Latest Headlines
2023: Buhari’s Refusal to Sign Electoral Bill Better for Presidential Aspirants, Says Bauchi Gov
Deji Elumoye in Abuja
Bauchi State Governor and presidential aspirant on the platform of the opposition Peoples Democratic Party (PDP), Bala Mohammed, has said the refusal of President Muhammadu Buhari to assent to the Electoral Act Amendment Bill 2022, is better for presidential aspirants like him.
According to him, the process of amending the Electoral Act did not start on time and signing now might go against the Independent National Electoral Commission’s (INEC) guidelines for elections.
Mohammed spoke Wednesday while fielding questions from State House Correspondents after leading a delegation on a thank-you visit to President Buhari for inaugurating a N23.5 billion World Bank Assisted Upgraded Bauchi Township Water Supply Scheme.
Asked how he felt with the president not signing the amended electoral bill, the former Federal Capital Territory (FCT) minister said: “Well, I’m a realist. I believe that the Electoral Act is a product of legislative process and that has been done and it was not done earlier and then we have a timeline and guideline of INEC, so we’ll have to manage it.
“I think the less the merrier as somebody who is in the race. Well, I have less delegates to go and woo. It is better for me than all these 4,000, 5,000 delegates. Anyway, that is my take.”
Some political parties had of recent pressured President Buhari to assent to the amendment to current Section 84 (8), which provides that delegates to vote at the indirect primaries and national convention of political parties to elect candidates for elections shall be those democratically elected for that purpose only.
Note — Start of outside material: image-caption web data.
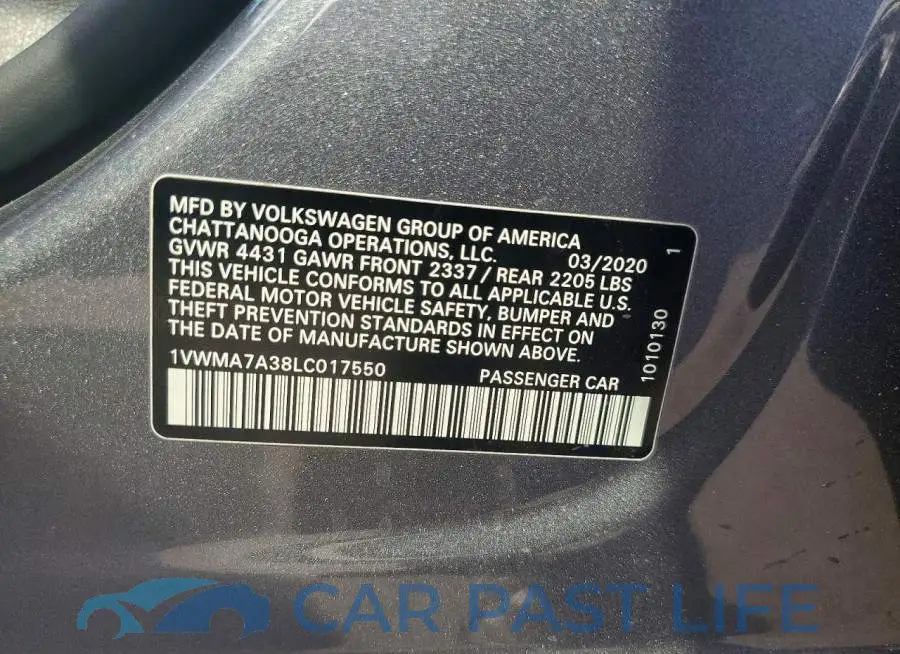 1VWMA7A38LC017550# 12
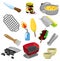 Cartoon barbeque party tool icon
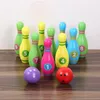 Bowling en bois pour enfants Sports intérieurs Set Kindergarten Baby Parent-Child Ball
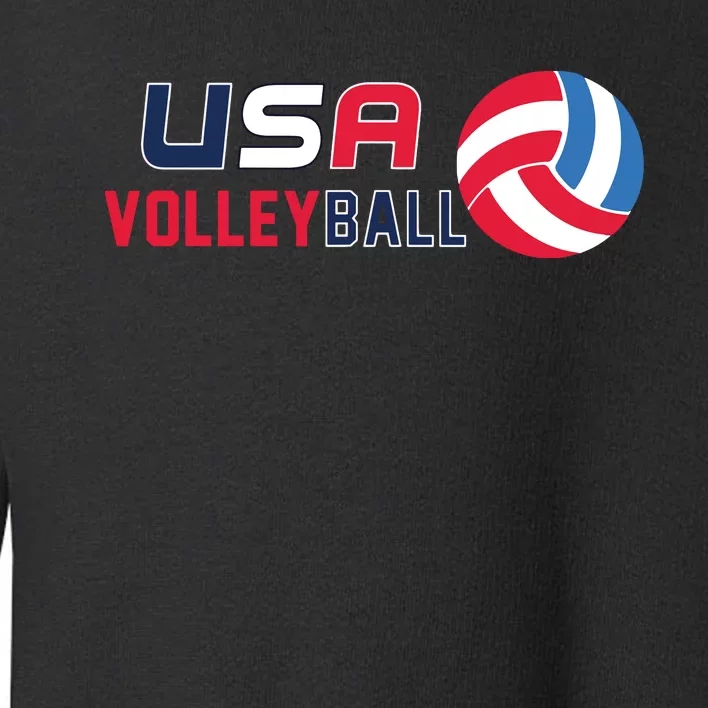 USA Flag Volleyball And Volleyball Toddler Sweatshirt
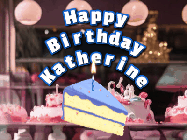 Happy Birthday Katherine GIF: A cake shop background with a slice of cake and animated candle reading Happy Birthday Customize.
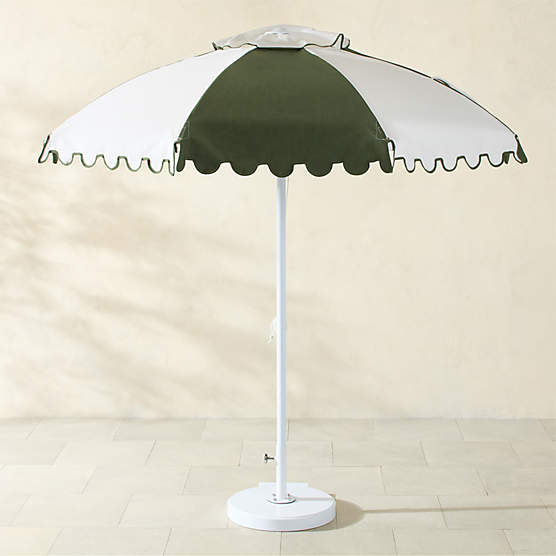 Poggesi Valance Green and White Outdoor Umbrella with White Base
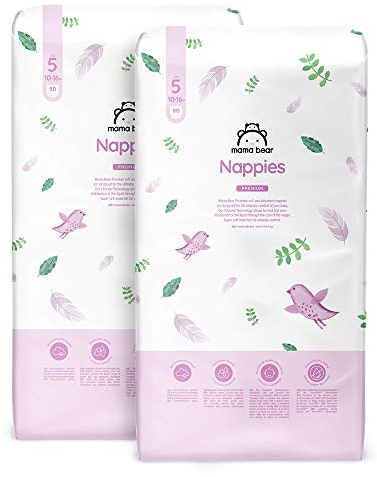 Amazon-Marke: Mama Bear Premium Windeln Größe 5 (10-16 kg), Weiß, 160 Stück (2 Packungen mit 80)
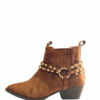 Μποτάκια suede cowboy μυτερά με τρουκς 3068-003 camel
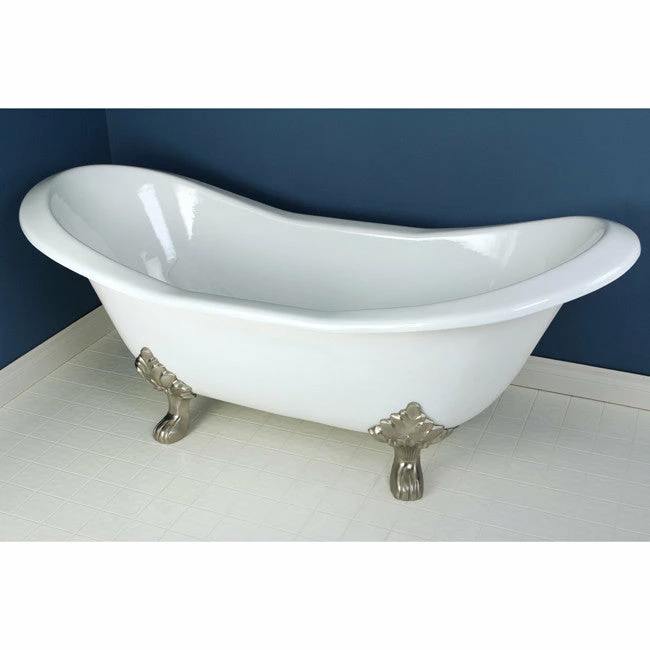 Kingston Brass Aqua Eden 72" Cast Iron Double Slipper Clawfoot Freestanding Bathtub 7 Kingston Brass Aqua Eden 72" Cast Iron Double Slipper Clawfoot Freestanding Bathtub - Image 7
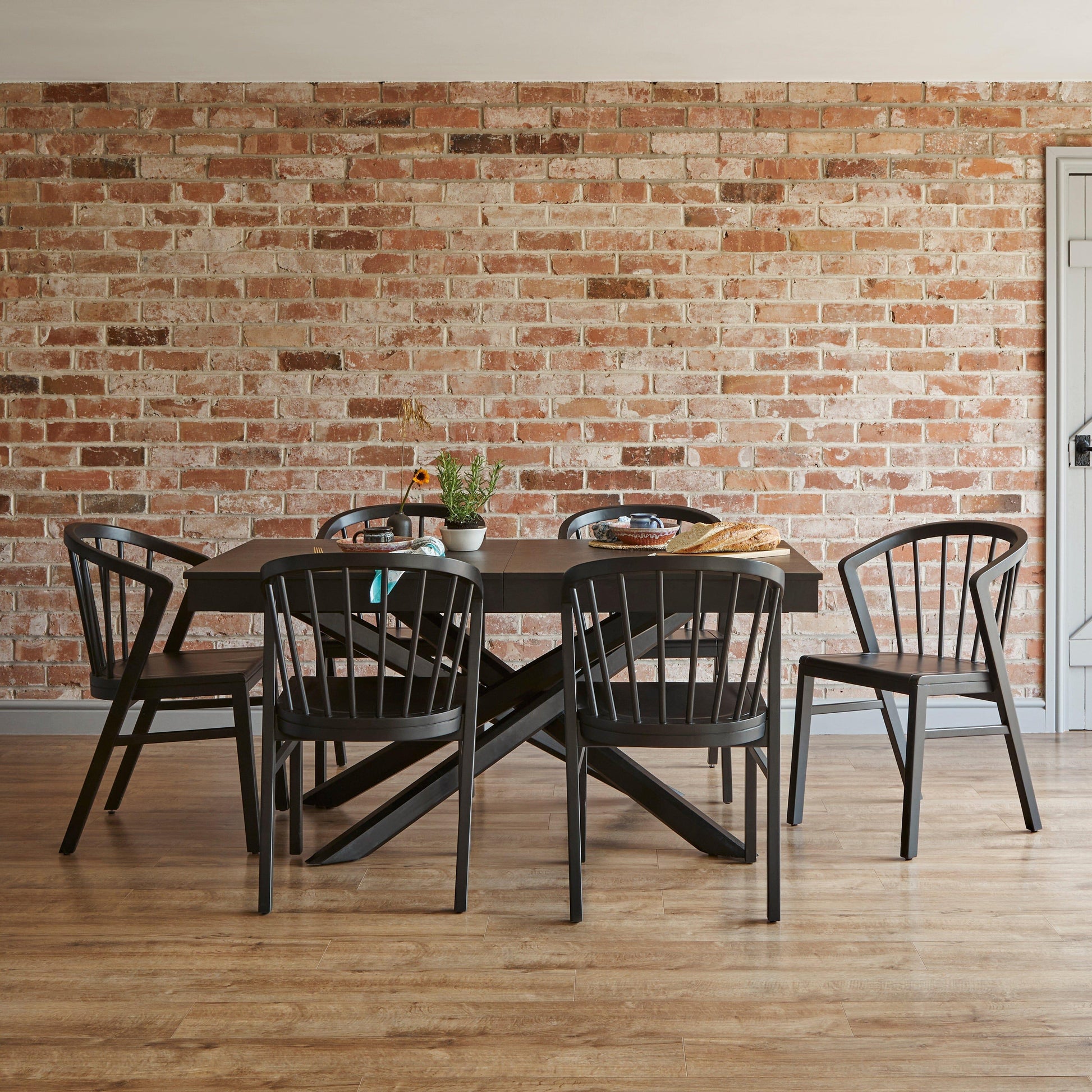 Amelia Black Dining Table Set - 6 Seater - Black Spindle Back Chairs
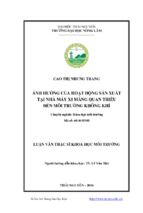 ảnh hưởng của hoạt động sản xuất tại nhà máy xi măng quan triều đến môi trường không khí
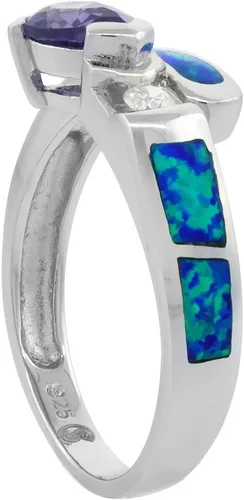 Miniatura 3 de Anillo de plata de ley sintético azul de ópalo de gota para mujer amatista CZ 38 pulgadas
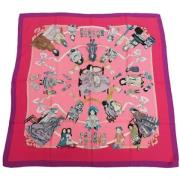 Pre-owned Silk scarves Hermès Vintage , Pink , Dames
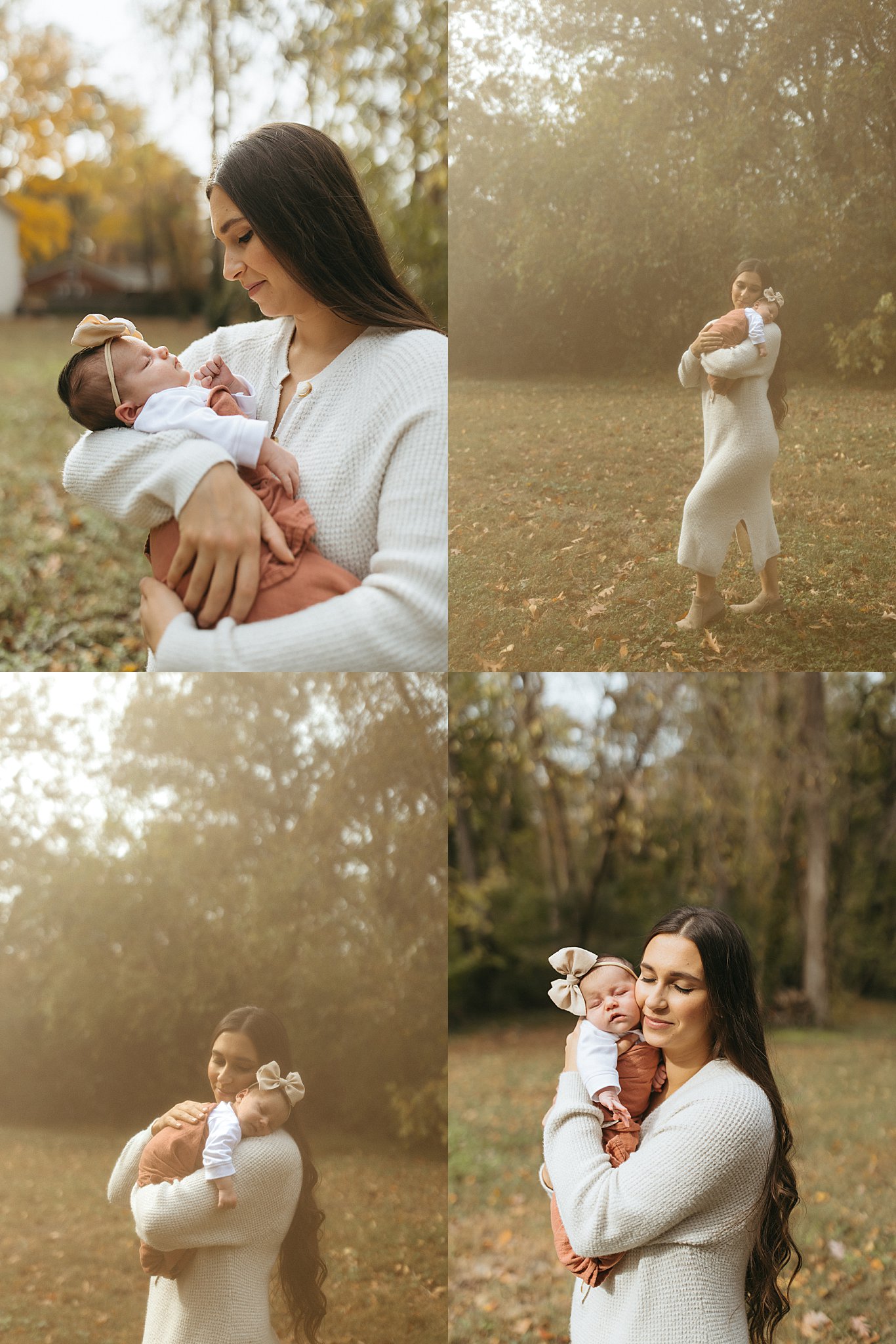 mama holds baby outside in sun by Nikki Meer Photography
The implication is that statutory delegates, such as elected political office holders, political appointees and executive officers of political parties are not eligible to vote at primaries to nominate candidates for the 2023 general election.
The new Section 84 has in effect drastically pruned the number of delegates for parties’ indirect primaries and reduced the financial implications of delegate elections.